Si le personnage de Binoche râle après les non-dits qui sclérosent la famille, c'est surtout dan la seconde partie du film qu'apparaissent des tensions toutes naturelles, autour des décisions à prendre quant au devenir de la maison. La vie moderne reprend le dessus, avec ses contraintes temporelles comme géographiques (deux des enfants vivent à l'étranger), et les projets personnels se font jour, nécessitant une liquidation aveugle des traces du passé. Et peu à peu, les sentiments véhiculés par le personnage de Berling prennent le dessus, jusqu'à l'adieu à la maison, troisième partie du film, sous forme de grand déballage des biens.

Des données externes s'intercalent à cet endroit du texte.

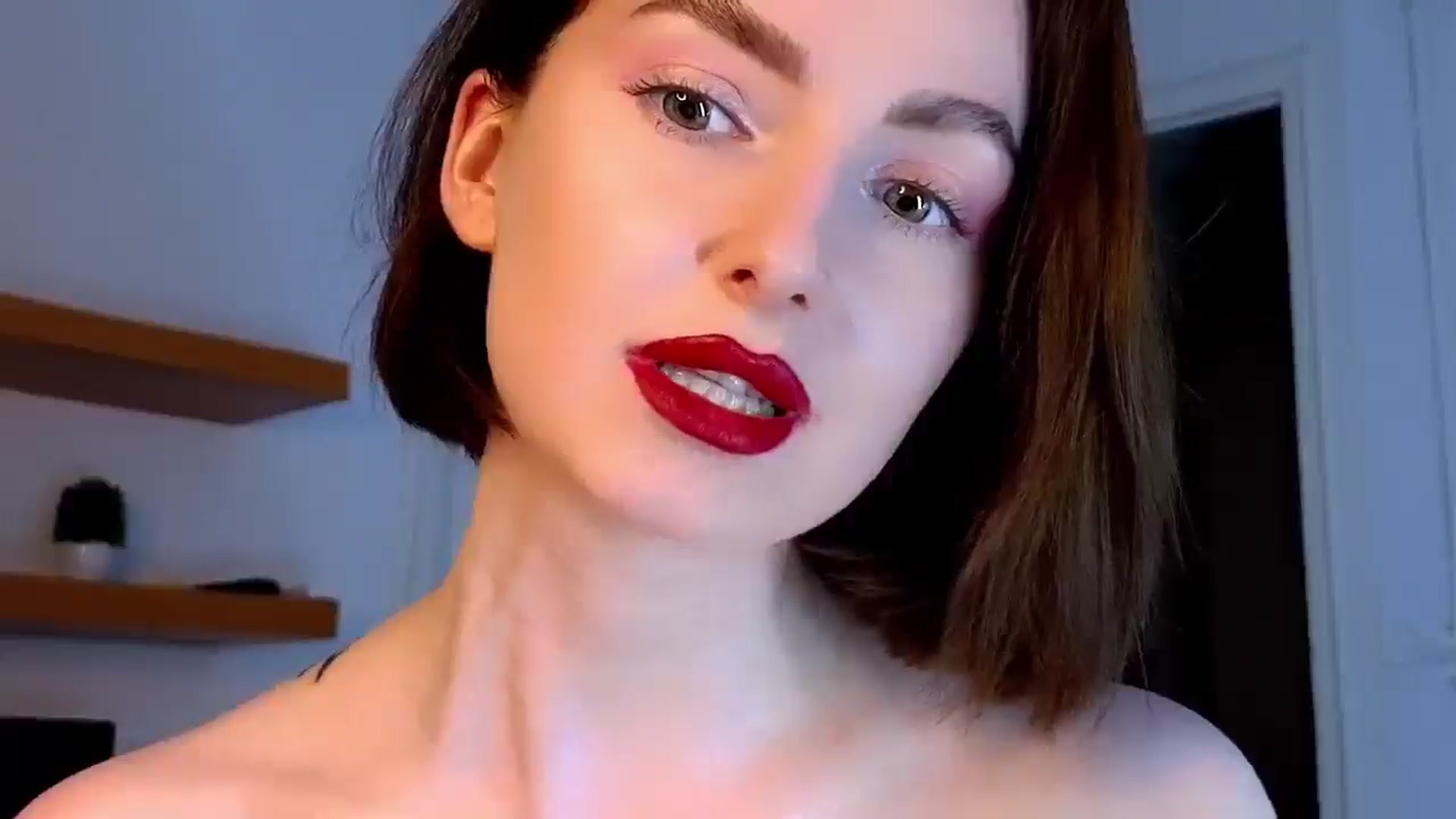 Gallery image thumbnail from Red_Lips_Girl's myfreecams stream on, 05/30/2025, 21:21 image 17 of 20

Le symbole des vases signés Félix Braquemond, valeurs oubliées (voire ignorées) d'une famille dont l'explosion est annoncée, prend alors tout son sens. A l'image de la fille de Berling, apparente ingénue sans cervelle, en pleine crise d'adolescence, on regrette tout ce qui aurait pu se passer ici, dans cette maison déjà vendue, siège d'une dernière fête, celle de la génération d'après, celle qui ne connaîtra peut être pas la douceur de ces lieux de réunion et de partage. Un beau film, dont la nostalgie qui fait forcément se poser bien des questions, quant à sa propre attitude vis à vis de la mémoire familiale.